**Records to use:**
[Start of Attachment]
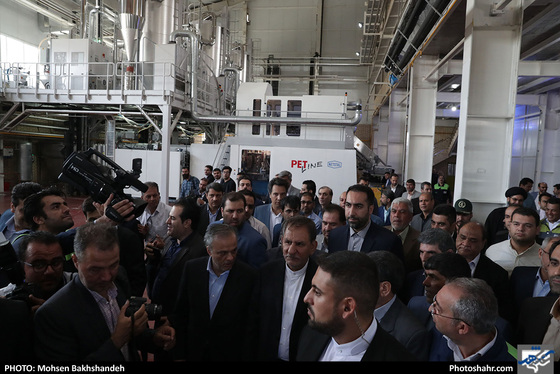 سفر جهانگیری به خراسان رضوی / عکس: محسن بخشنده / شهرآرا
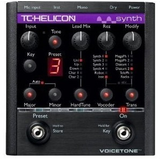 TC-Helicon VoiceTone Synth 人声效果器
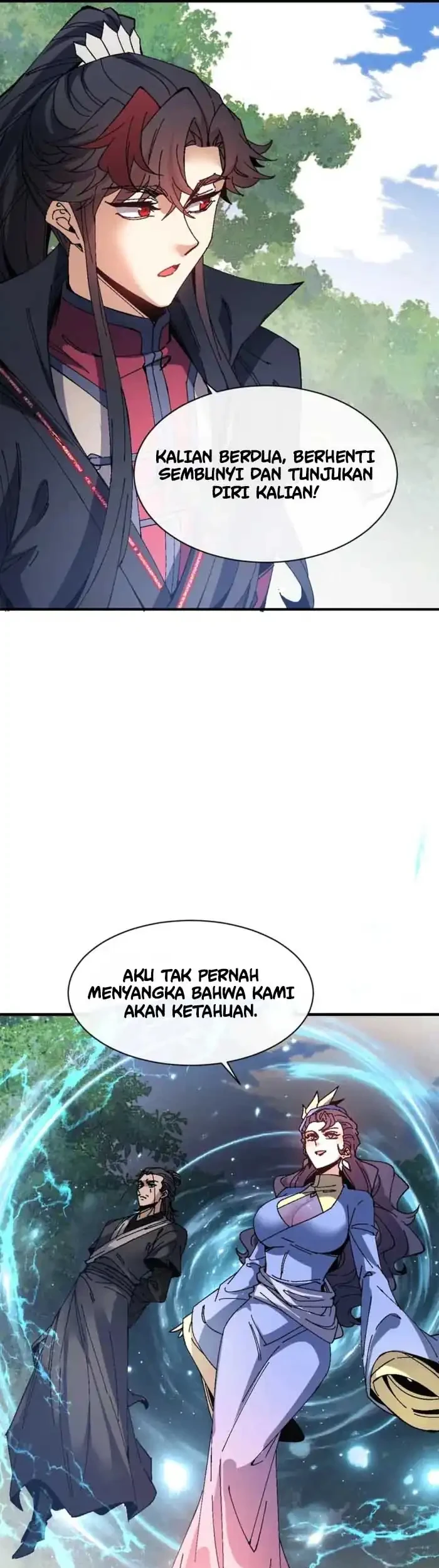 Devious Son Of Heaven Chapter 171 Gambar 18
[End of Attachment]
[Start of Attachment]
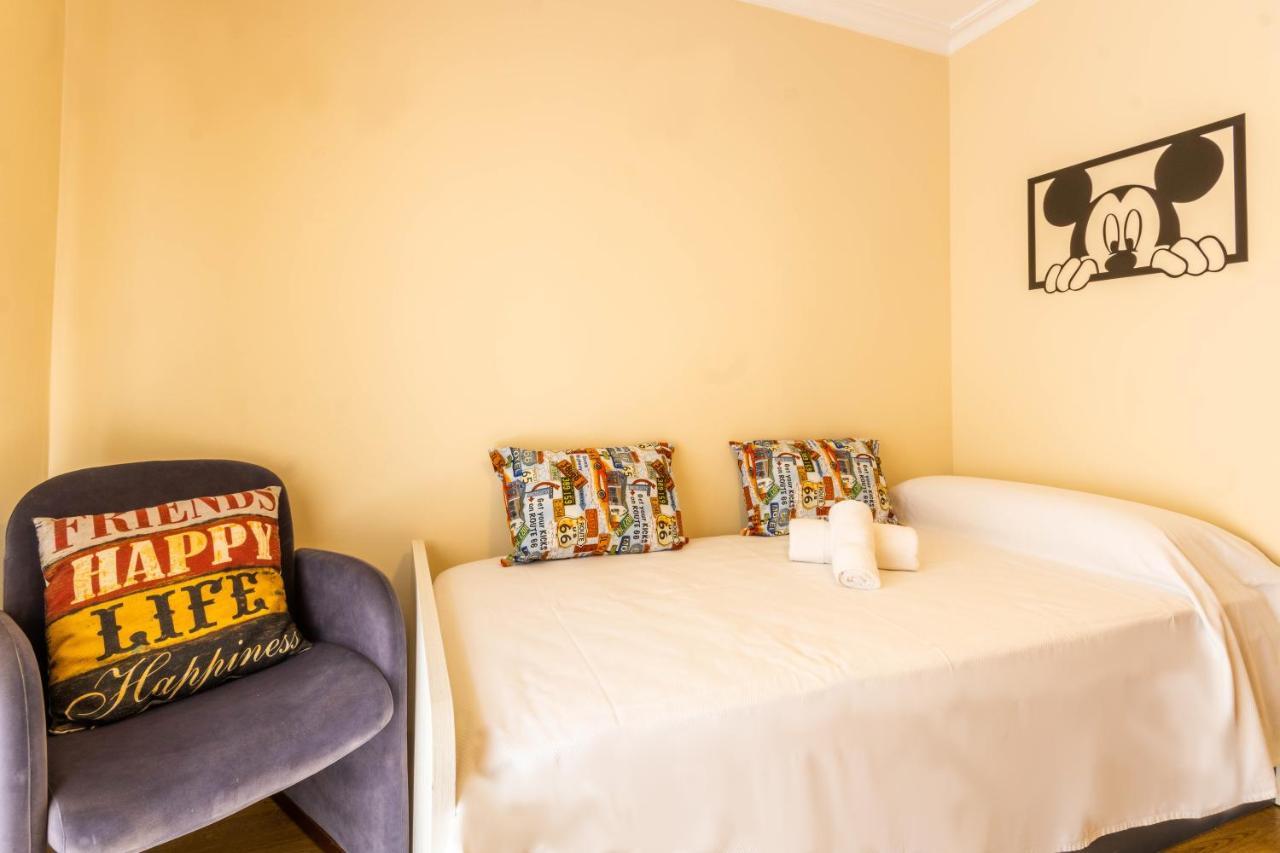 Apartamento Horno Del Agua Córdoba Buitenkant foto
[End of Attachment]
**Description of the task:** Whatever pictures the records hold, omit them; give again exactly the lines from the one containing "TC-Helicon VoiceTone Synth 人声效果器" through the one containing "Devious Son Of Heaven Chapter 171 Gambar 18".

**Answer box:**
 TC-Helicon VoiceTone Synth 人声效果器
 Devious Son Of Heaven Chapter 171 Gambar 18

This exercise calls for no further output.